Considering last night's endeavors, I am going to hell 5 times over. 1 for puking on a hobo, 1 for laughing about it, and 3 for remembering it today and laughing about it sober
I woke up around 30 bottles of beer, with a piece of aluminum foil in my hand, that had "you Win" Wrote in sharpie..
Stage 55 clinger. not a typo. I cannot even believe this shit.
Just made a photo collage of the girls I've hooked up with this summer. I'm patting myself on my back right now
seriously, i am too high for the omelet station to be playing Being For The Benefit Of Mr Kite at 7am
i'm forwarding you the dirty picture of that fat girl that likes me sent . i feel like since youre my best friend you should puke in your mouth too .
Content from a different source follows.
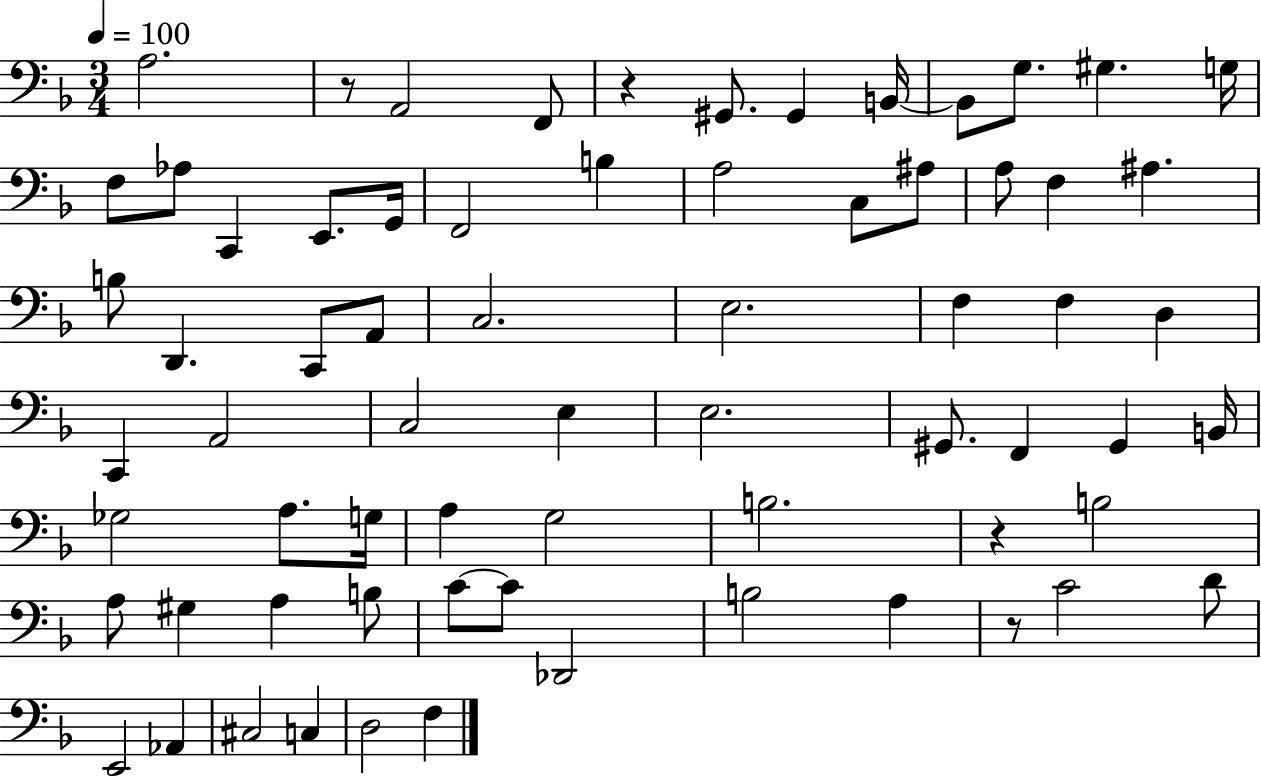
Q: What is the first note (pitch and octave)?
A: A3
We're all in the kiddie pool on the porch. Fully clothed. Watching porn. With my manager.
you dont know your limits until you wake up with a black eye and a bruised rib and find out you got ran over by a bicycle last night
He serenaded me a cappella to Ed Sheeran. I wasn't going to leave his dick unsucked.
i just need to find someone who enjoys eating frozen waffles as much as I do. It will be perfect.
Was I drunk or did Alex not show up with 100 rainbow Jell-O shots?
she's a drunken disney princess. so basically me if i had a crown and no desire for independence.
He said that we couldn't refer to each other as brother and sister anymore cuz we were in no way related and he would love nothing more than to get naked with me.
She really wants to put my dick in her mouth, and to be honest I really don't want to put it there.
She shit herself again. We're calling her the "Queen of Sharts".